> DATA PROVIDED:
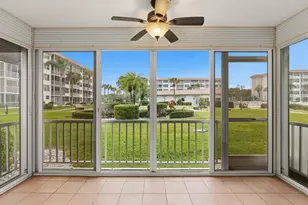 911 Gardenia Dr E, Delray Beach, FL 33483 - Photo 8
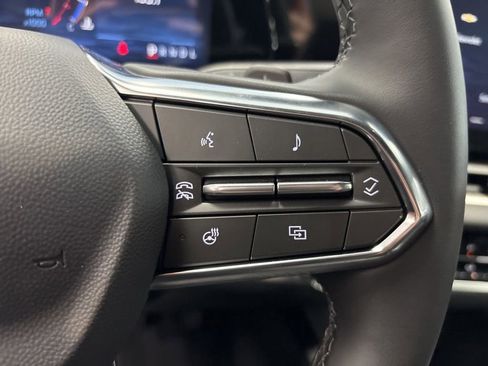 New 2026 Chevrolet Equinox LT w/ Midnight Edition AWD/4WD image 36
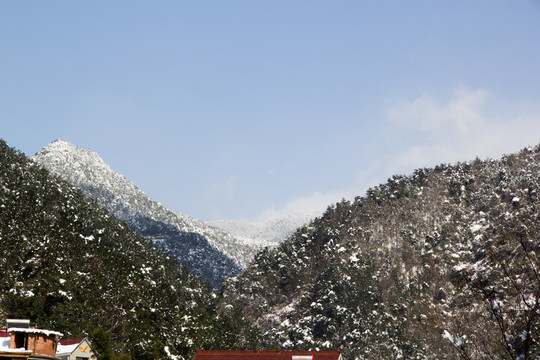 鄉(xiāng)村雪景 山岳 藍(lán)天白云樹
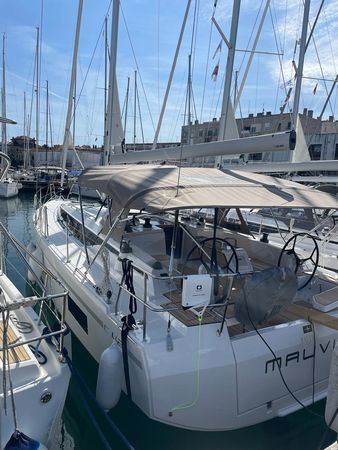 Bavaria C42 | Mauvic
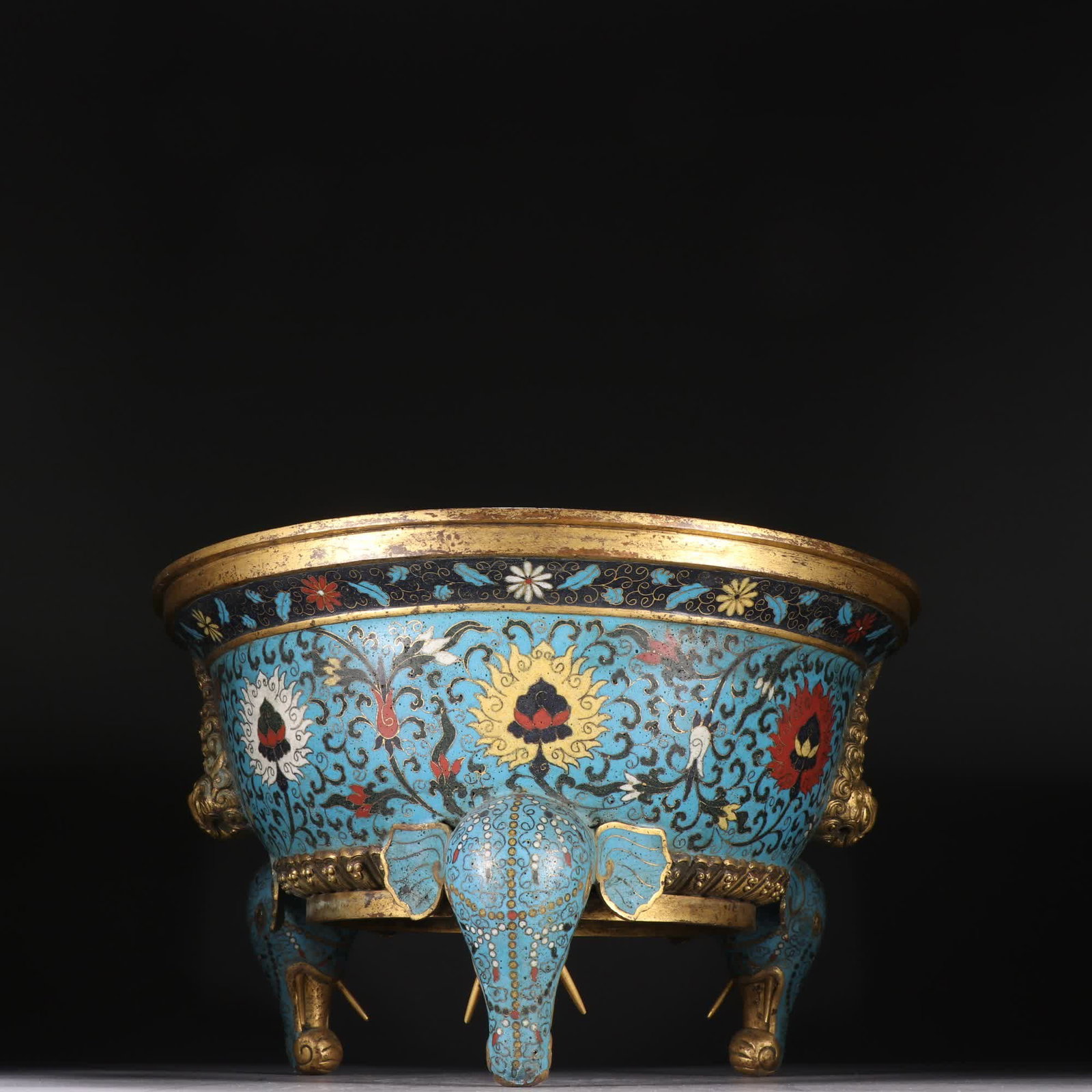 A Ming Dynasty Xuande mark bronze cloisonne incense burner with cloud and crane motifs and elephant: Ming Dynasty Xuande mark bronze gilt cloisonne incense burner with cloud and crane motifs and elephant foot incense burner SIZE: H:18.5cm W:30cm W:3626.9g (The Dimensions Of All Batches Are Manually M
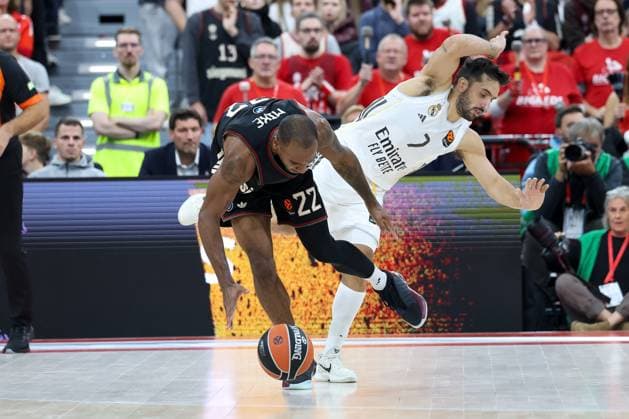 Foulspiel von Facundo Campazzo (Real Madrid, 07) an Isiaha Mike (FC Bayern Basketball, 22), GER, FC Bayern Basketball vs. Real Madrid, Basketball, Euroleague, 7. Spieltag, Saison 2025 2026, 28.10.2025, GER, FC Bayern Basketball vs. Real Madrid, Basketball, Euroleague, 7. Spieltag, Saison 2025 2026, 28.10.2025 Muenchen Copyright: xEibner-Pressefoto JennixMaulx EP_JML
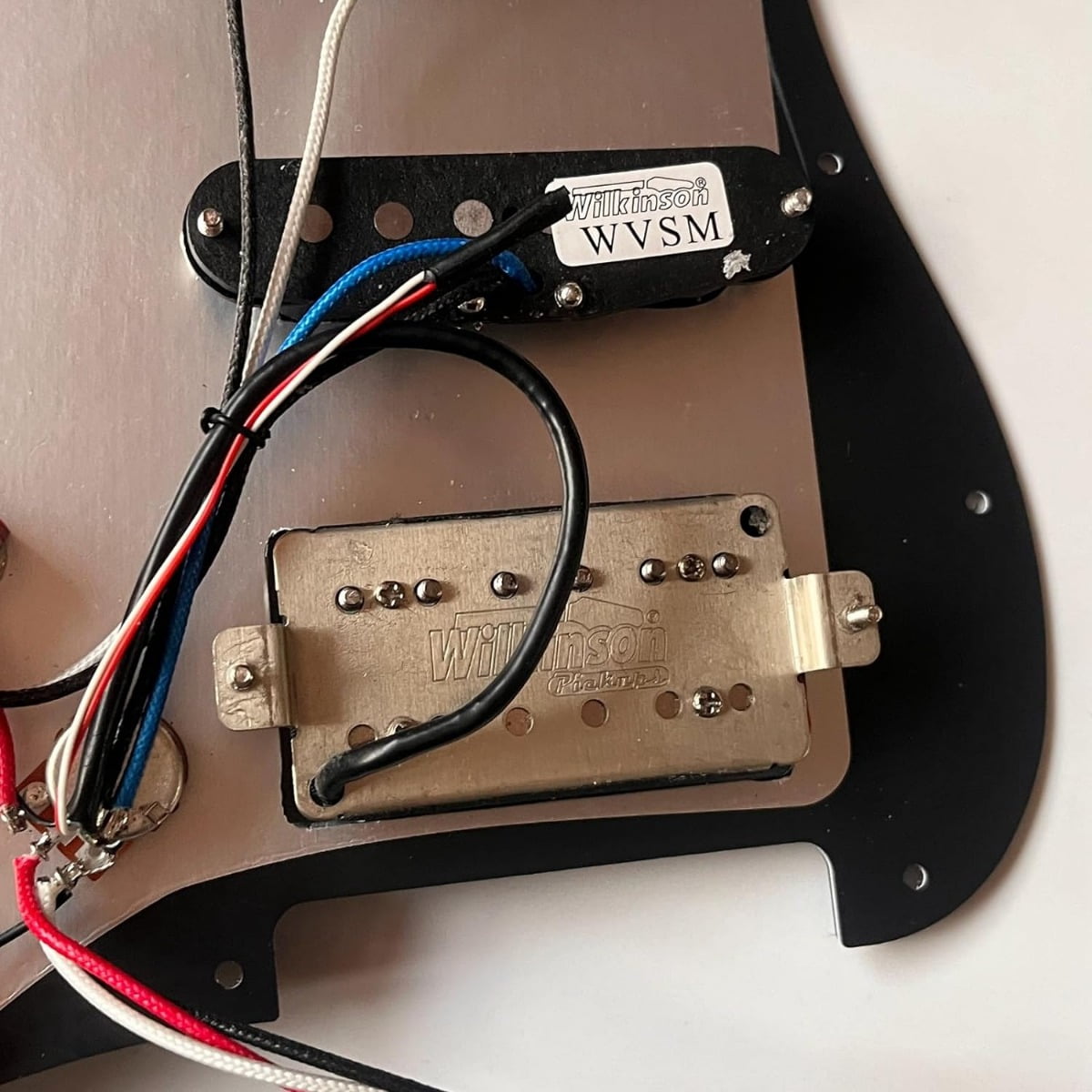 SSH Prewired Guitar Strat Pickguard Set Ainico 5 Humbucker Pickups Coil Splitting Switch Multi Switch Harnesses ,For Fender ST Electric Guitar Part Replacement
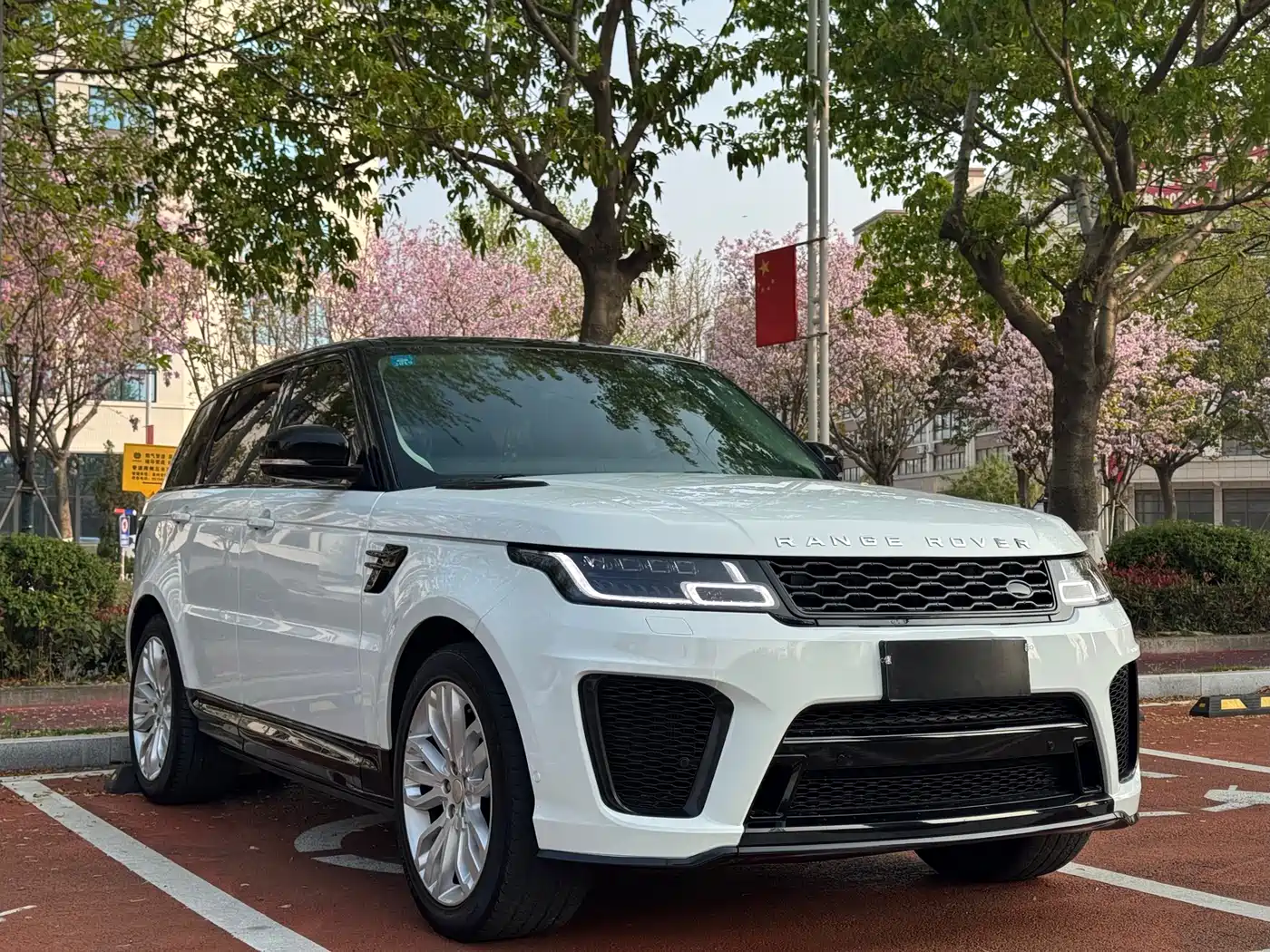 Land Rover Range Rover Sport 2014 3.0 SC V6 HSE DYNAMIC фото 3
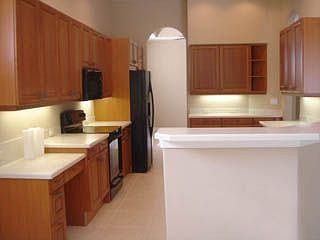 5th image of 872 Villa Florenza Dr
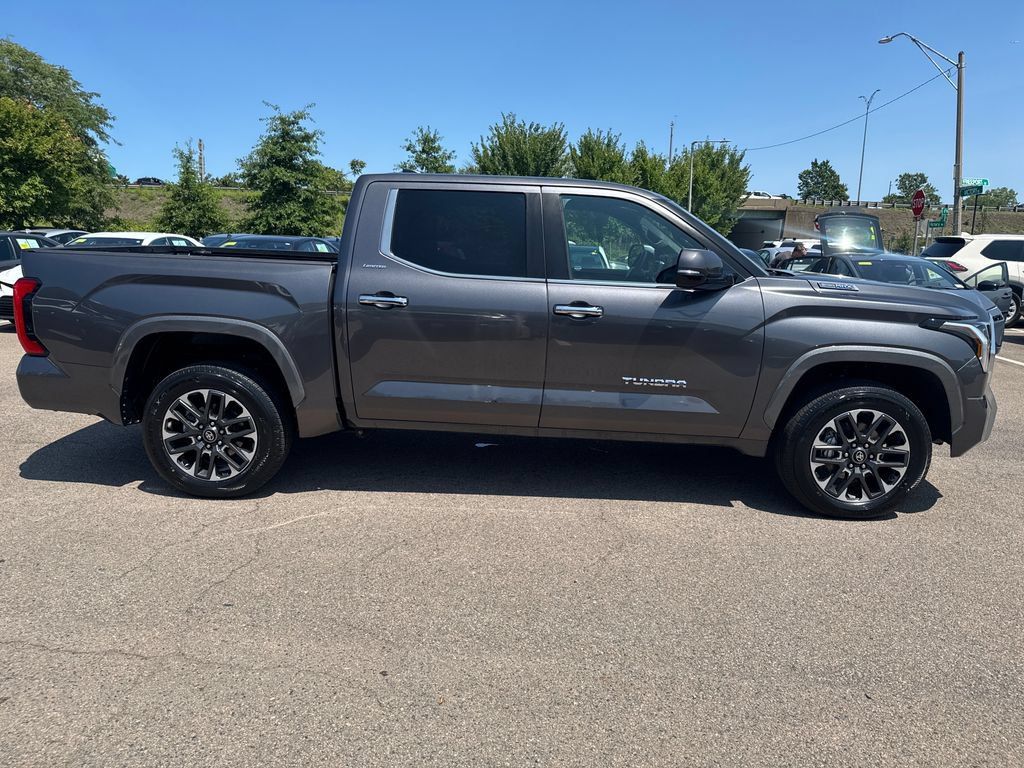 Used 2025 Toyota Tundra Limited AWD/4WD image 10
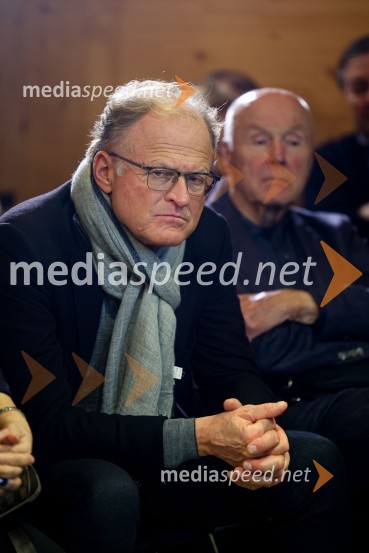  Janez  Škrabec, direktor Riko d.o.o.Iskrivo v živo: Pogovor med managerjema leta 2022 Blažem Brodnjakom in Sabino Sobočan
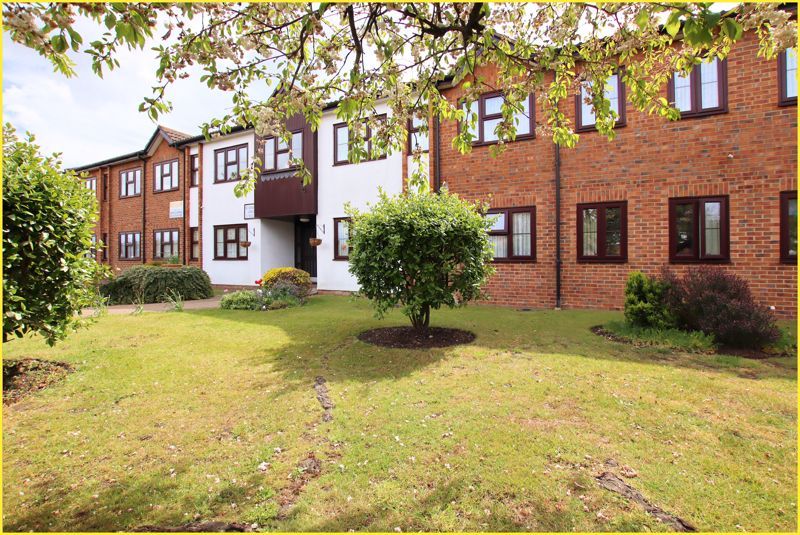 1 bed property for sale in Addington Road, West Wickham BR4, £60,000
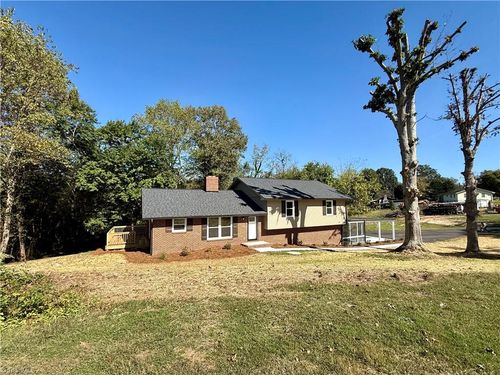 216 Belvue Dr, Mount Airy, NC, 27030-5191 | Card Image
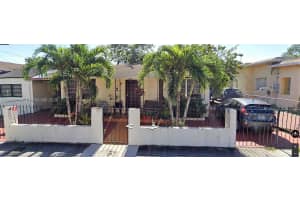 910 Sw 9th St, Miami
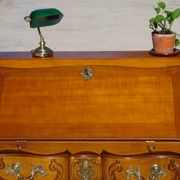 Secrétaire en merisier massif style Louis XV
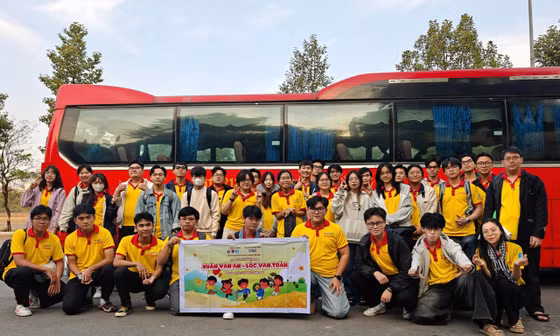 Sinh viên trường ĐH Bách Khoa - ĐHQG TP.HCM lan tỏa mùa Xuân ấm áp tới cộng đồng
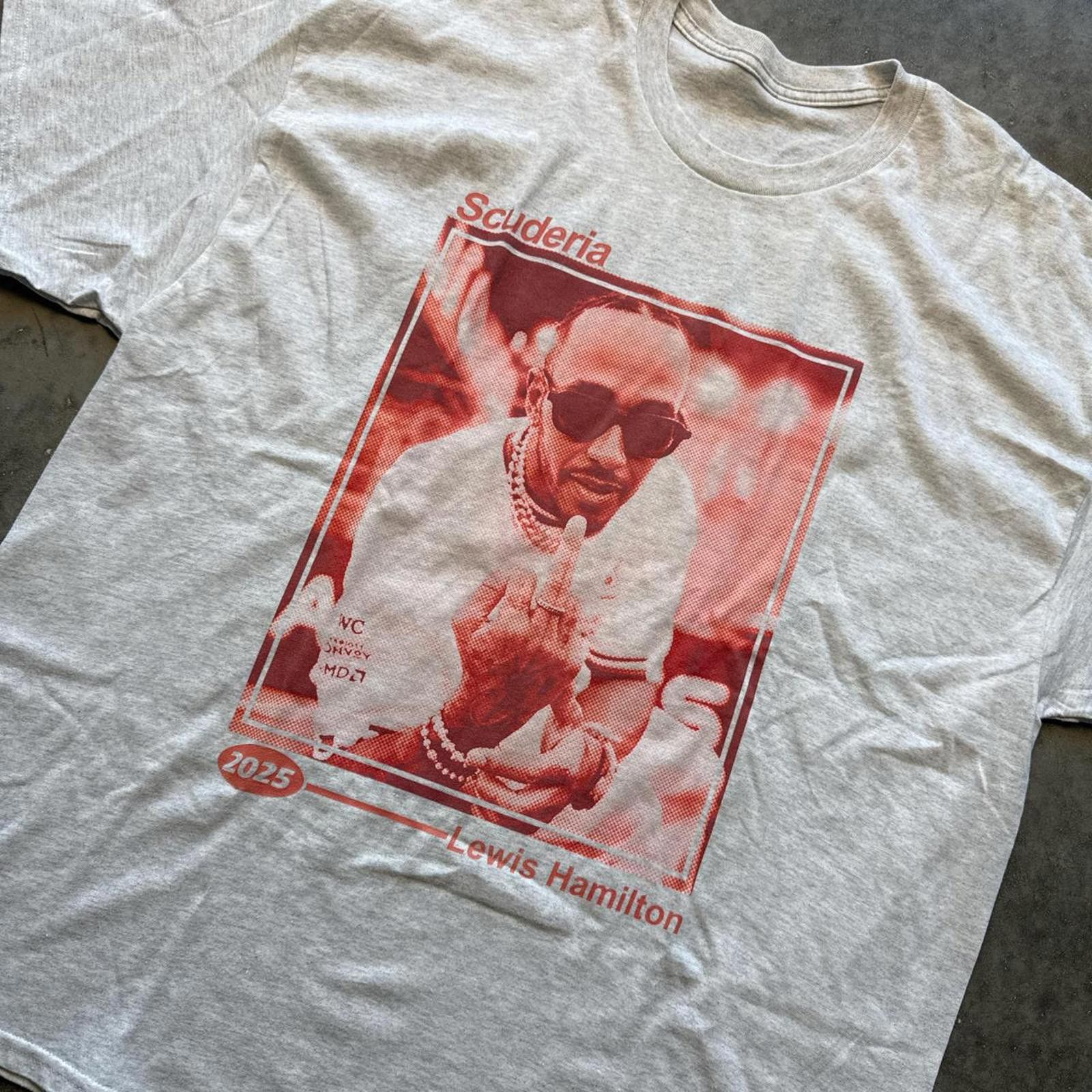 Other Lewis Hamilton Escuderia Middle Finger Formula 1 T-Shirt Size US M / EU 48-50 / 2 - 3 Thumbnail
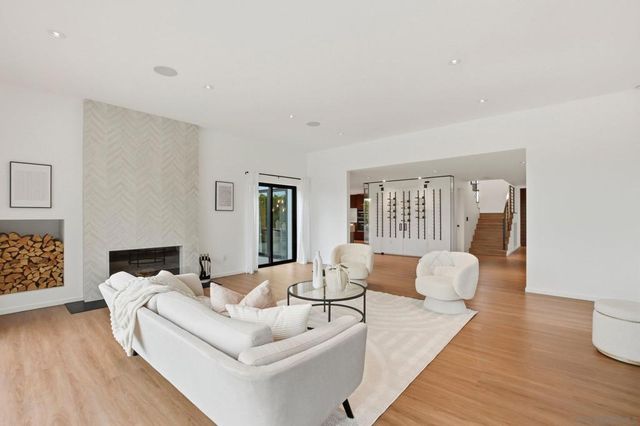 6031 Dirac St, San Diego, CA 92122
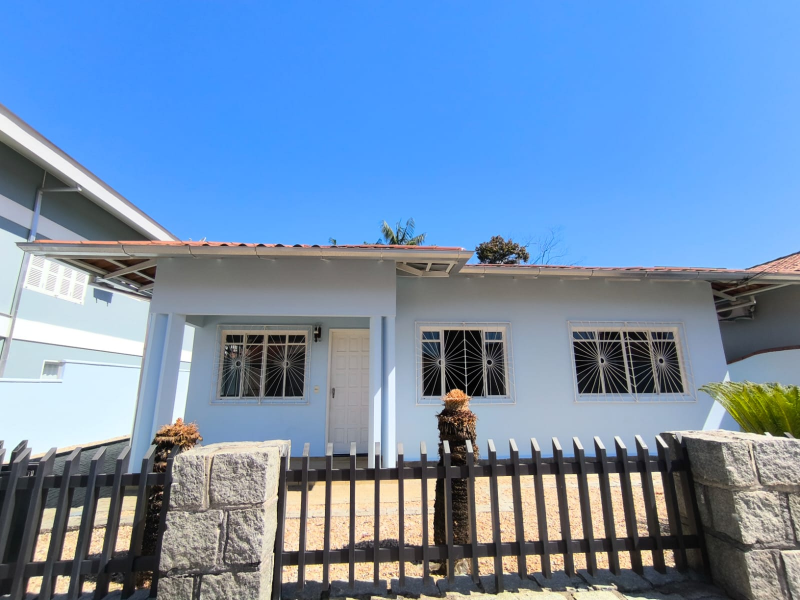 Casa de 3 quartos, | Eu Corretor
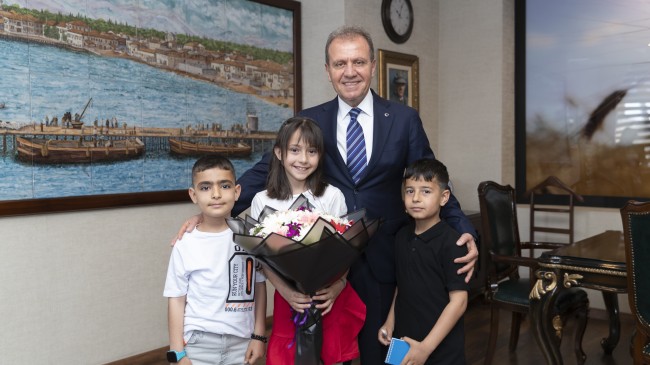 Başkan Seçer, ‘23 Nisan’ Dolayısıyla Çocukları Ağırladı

> TASK STATEMENT:
Working from the records above, set down word for word everything from the line containing "Foulspiel von Facundo" down to the line containing "1 bed property", ends included, minus the pictures.

> ANSWER:
 Foulspiel von Facundo Campazzo (Real Madrid, 07) an Isiaha Mike (FC Bayern Basketball, 22), GER, FC Bayern Basketball vs. Real Madrid, Basketball, Euroleague, 7. Spieltag, Saison 2025 2026, 28.10.2025, GER, FC Bayern Basketball vs. Real Madrid, Basketball, Euroleague, 7. Spieltag, Saison 2025 2026, 28.10.2025 Muenchen Copyright: xEibner-Pressefoto JennixMaulx EP_JML
 SSH Prewired Guitar Strat Pickguard Set Ainico 5 Humbucker Pickups Coil Splitting Switch Multi Switch Harnesses ,For Fender ST Electric Guitar Part Replacement
 Land Rover Range Rover Sport 2014 3.0 SC V6 HSE DYNAMIC фото 3
 5th image of 872 Villa Florenza Dr
 Used 2025 Toyota Tundra Limited AWD/4WD image 10
  Janez  Škrabec, direktor Riko d.o.o.Iskrivo v živo: Pogovor med managerjema leta 2022 Blažem Brodnjakom in Sabino Sobočan
 1 bed property for sale in Addington Road, West Wickham BR4, £60,000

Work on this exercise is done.